ST. LOUIS — The U.S. Court of Appeals for the Eighth Circuit has found that an ordinance prohibiting all commercial activity in a Village of Twin Oaks neighborhood park without a permit to be constitutional.
In a ruling filed on July 26, a three-judge panel rejected a challenge to the ordinance brought by commercial photographer Josephine Havlak, who sued the village, alleging that the law violated her First Amendment free-speech rights.
"Because the village ordinance is content neutral, has been narrowly tailored to serve the village’s significant governmental interests, leaves ample alternatives for Havlak to communicate her message and does not provide the village with unbridled discretion, we find the permit process survives Havlak’s challenge," The appeals court said in the ruling.
The panel, comprised of justices Lavenski Smith, Morris Arnold and Bobby Shepherd, affirmed a ruling made by U.S. District Judge Audrey Fleissig in the Eastern District of Missouri.

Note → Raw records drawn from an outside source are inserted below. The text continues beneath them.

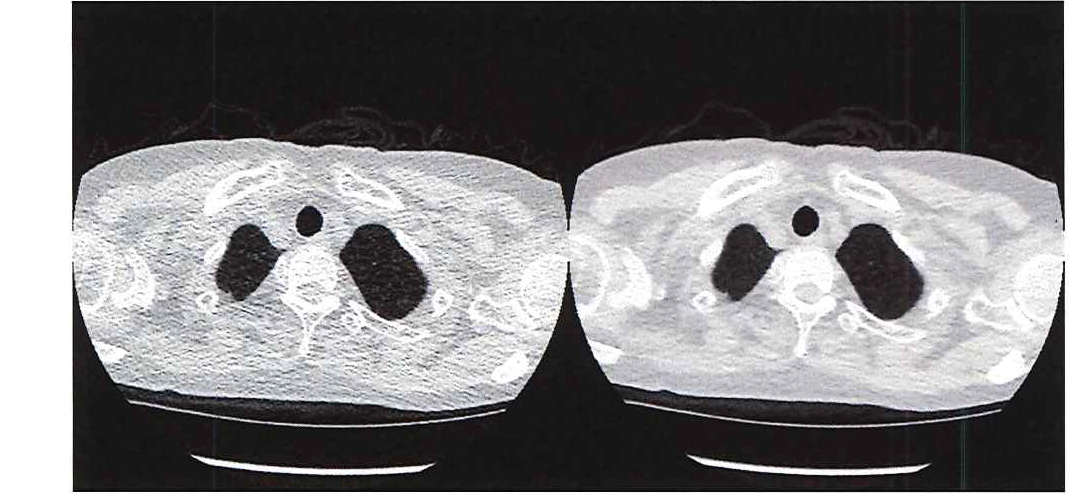 図1。超低線量CT(左)と従来のCT(右)の画質の比較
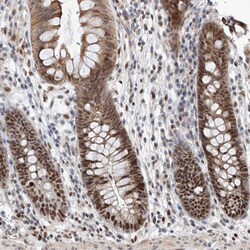 SNRNP200 Polyclonal Antibody:Antibodies, Polyclonal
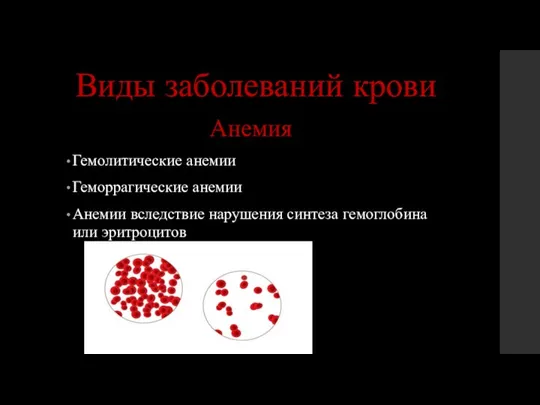 Виды заболеваний крови Анемия Гемолитические анемии Геморрагические анемии Анемии вследствие нарушения синтеза гемоглобина или эритроцитов
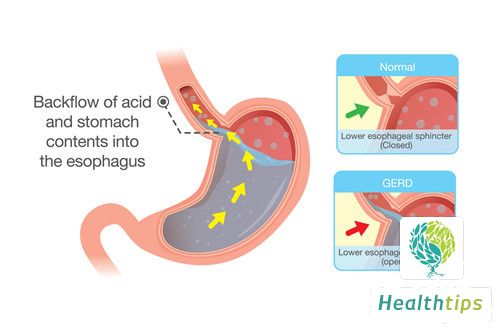 What Are the Possible Causes of a Lump on the Gastric Fundus?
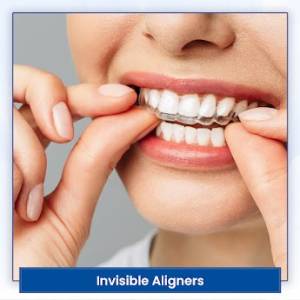 Clear Aligners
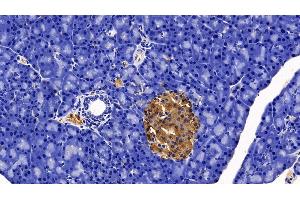 Immunohistochemistry (IHC) image for anti-Somatostatin (SST) (AA 27-116) antibody (ABIN7429973)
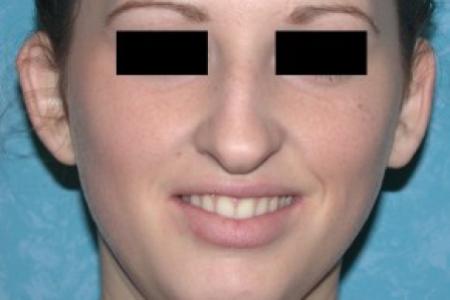Before image 1 Case #81676 - Bilateral Otoplasties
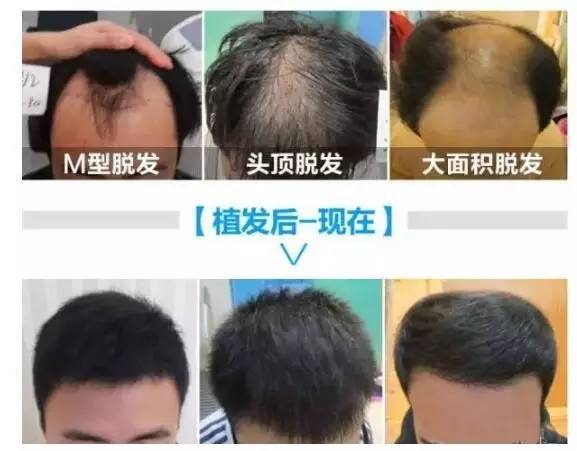 毛发种植大概需要多少钱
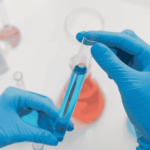 lipid profile test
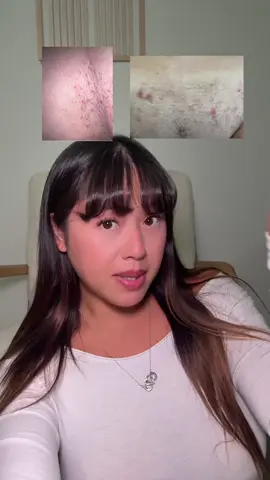 PSA GIRLIES 🤩 #peachslices #ingrownhairtreatment #womenshealth #smoothingsolution #ttshop 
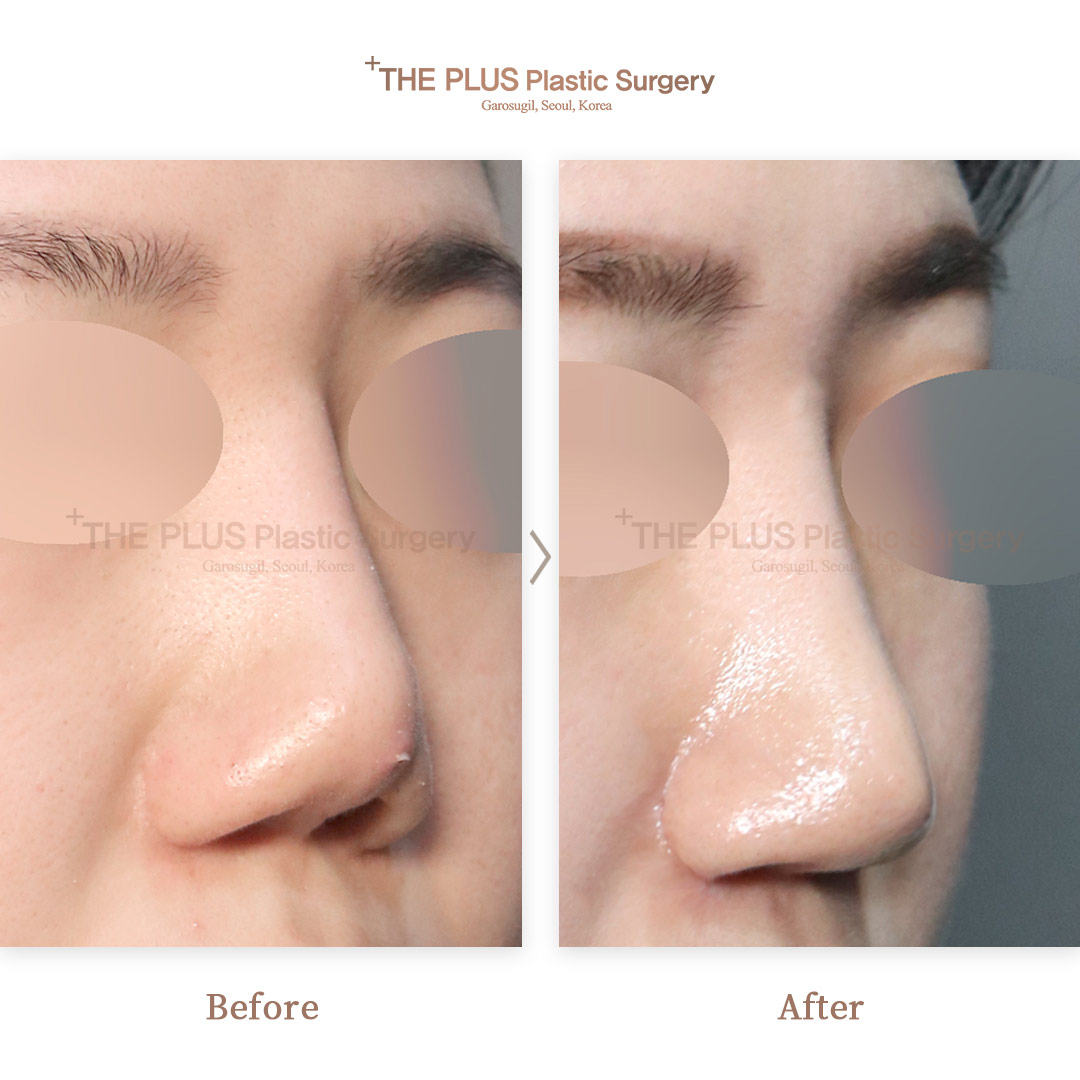 THE PLUS CLINIC KOREA -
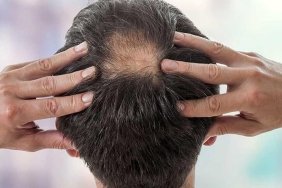 sac-dokulmesi-hakkinda-dermatoloji-uzmani-dr-elcin-akdasin-onemli-bilgileri-DmN1Yhhh.jpg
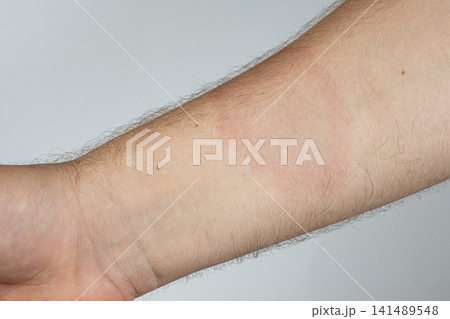 Medical symptom of Lyme disease with characteristic red ring rash on human body Medical symptom of Lyme disease with characteristic red ring rash on human body 141489548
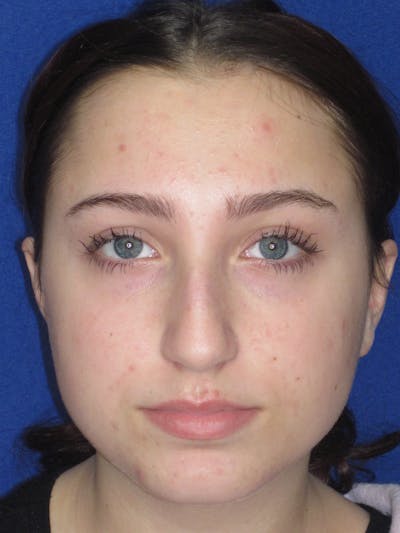 Rhinoplasty Before & After Gallery - Patient 241667 - Image 1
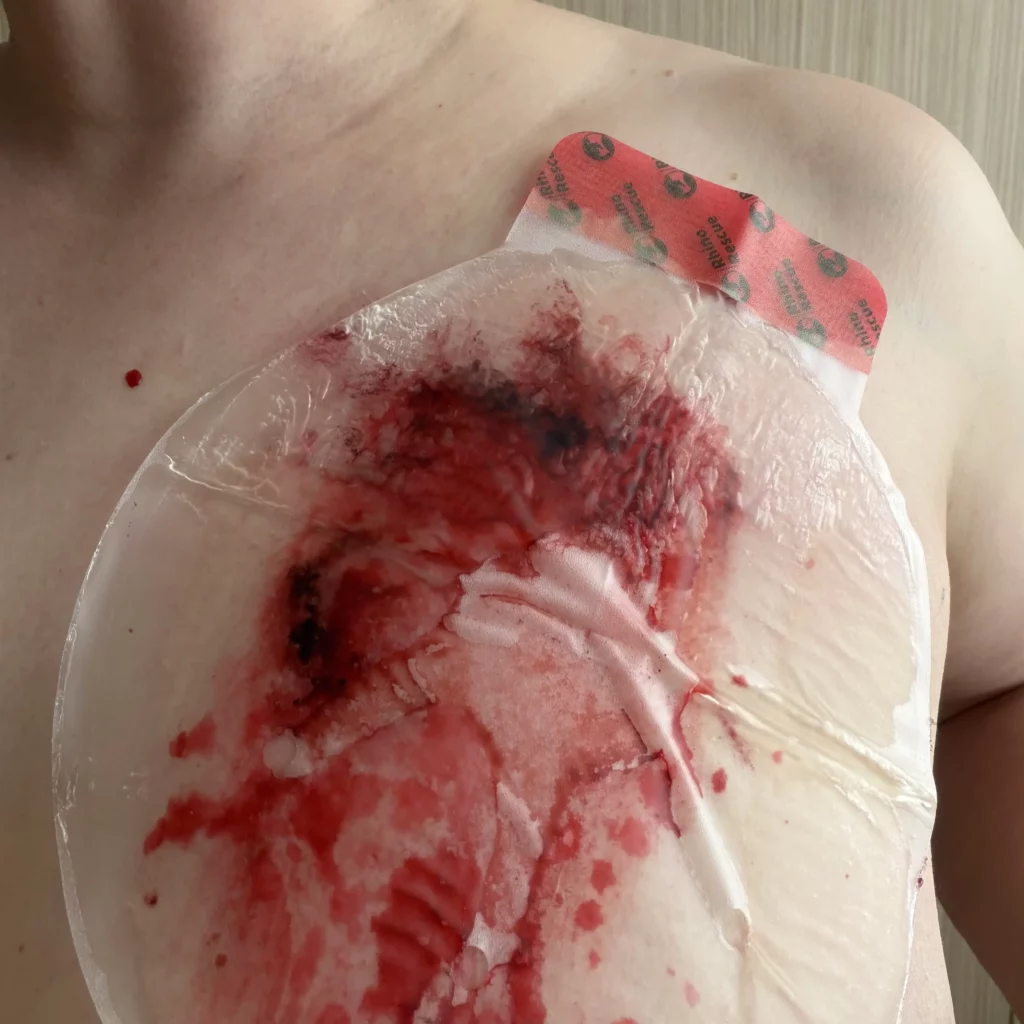 Použití hrudního krytí Rhino Rescue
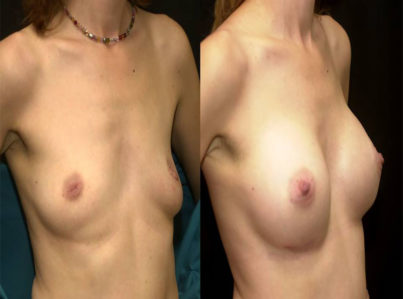 Breast Augmentation Surgery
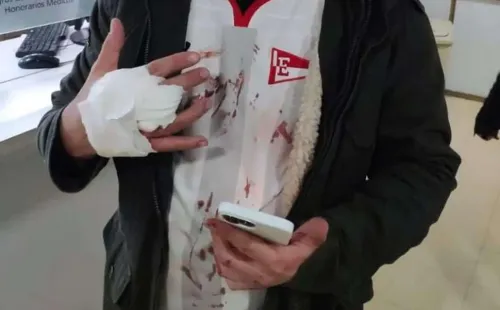 Hincha de Estudiantes herido tras la bengala lanzada por la parcialidad uruguaya (Foto: Instagramsomosedlp)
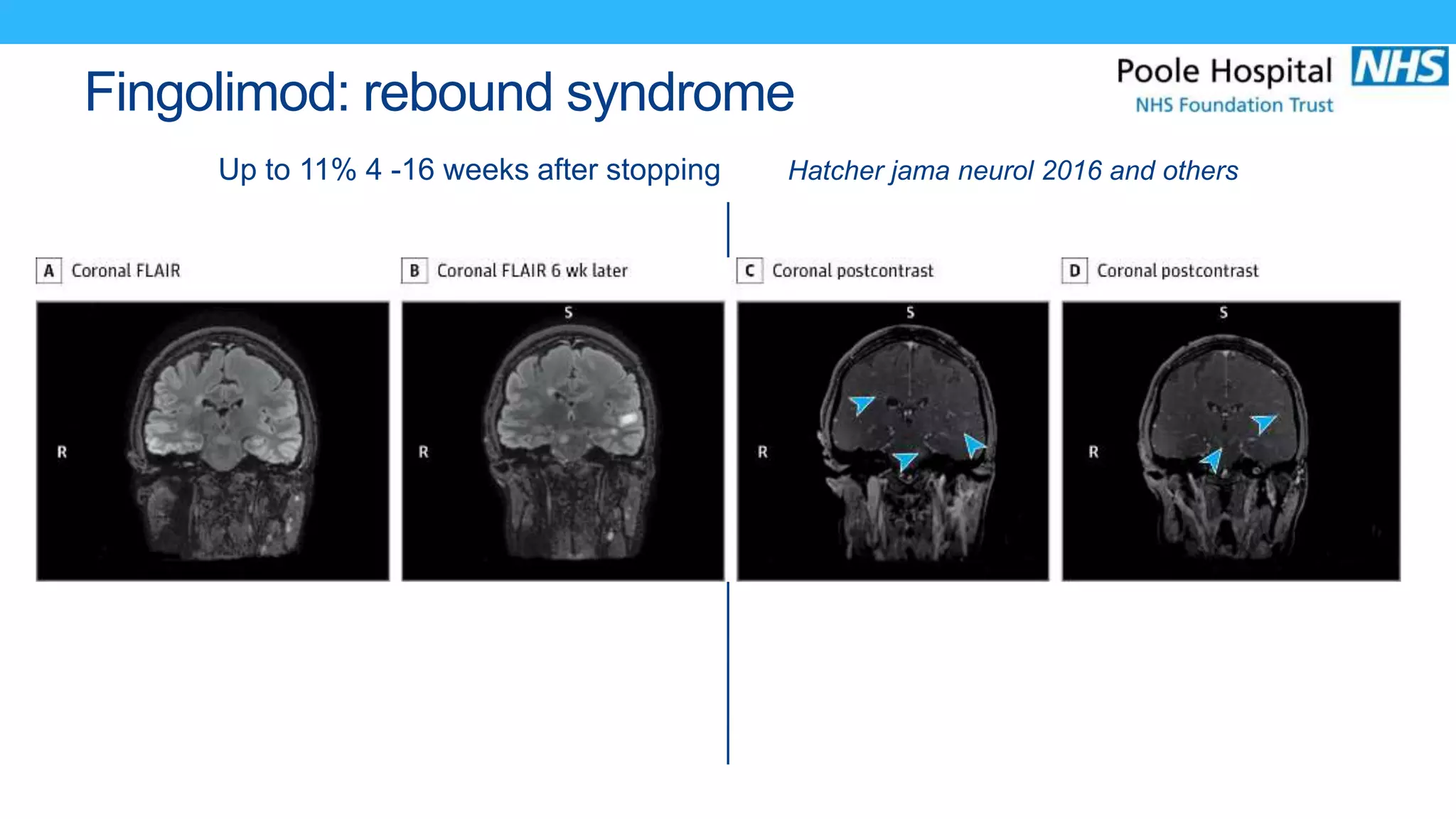 Fingolimod: rebound syndrome
Up to 11% 4 -16 weeks after stopping Hatcher jama neurol 2016 and others
 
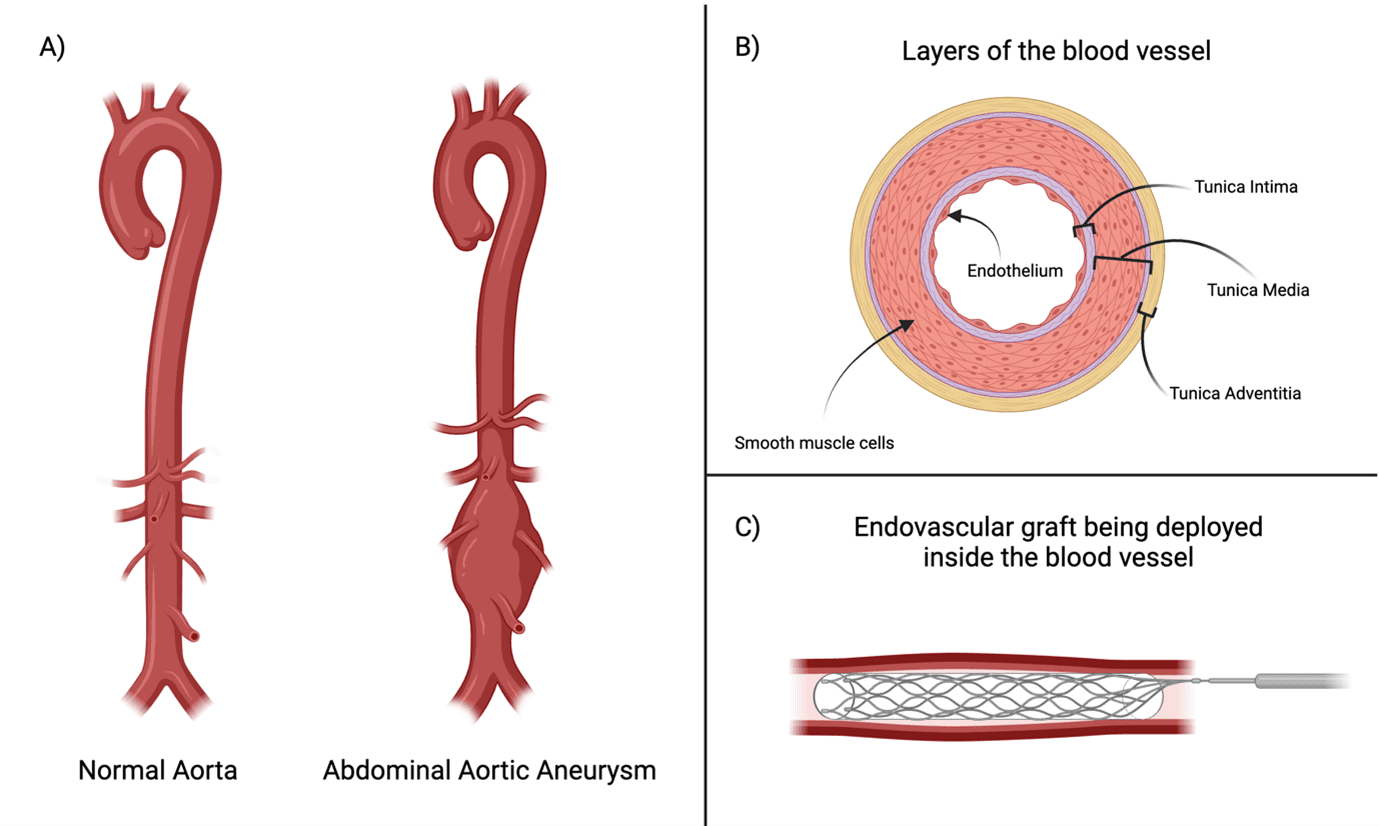 Figure 1. (A) A healthy aorta in comparison to an aorta with an abdominal aneurysm, illustrating how the aorta bulges. (B) Cross-sectional diagram of the different layers of the blood vessel. (C) An example illustration of the vascular graft within the blood vessel following implantation.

According to the ruling, the legislative intent of the permit process at the 11-acre park was to "balance the interest of the other park users... so that the photographer receives the exclusive use of certain areas in which they wish to do their shoot so that they can perform their shoot efficiently."
Further, village board member Lisa Eisenhauer was quoted in the ruling, stating that “we ask for a permit because if we don’t have a way to regulate not having five or six wedding groups down there at the same time, then we have congestion in our park, which we have found to cause problems.”
Even though Havlak challenged the constitutionality of the ordinance and appealed the adverse ruling she received at district court, she had never actually applied for a commercial permit at the village park, according to the appellate court ruling.
Havlak, in part, argued that because the ordinance burdens commercial photographers and not non-commercial ones, the village burdens her message of “family, peace, tranquility and love.”
“There is no evidence that the village shows antipathy for these values, and the ordinance does not restrict either commercial or non-commercial photographers from expressing these ideals,” the appeals court said in the ruling.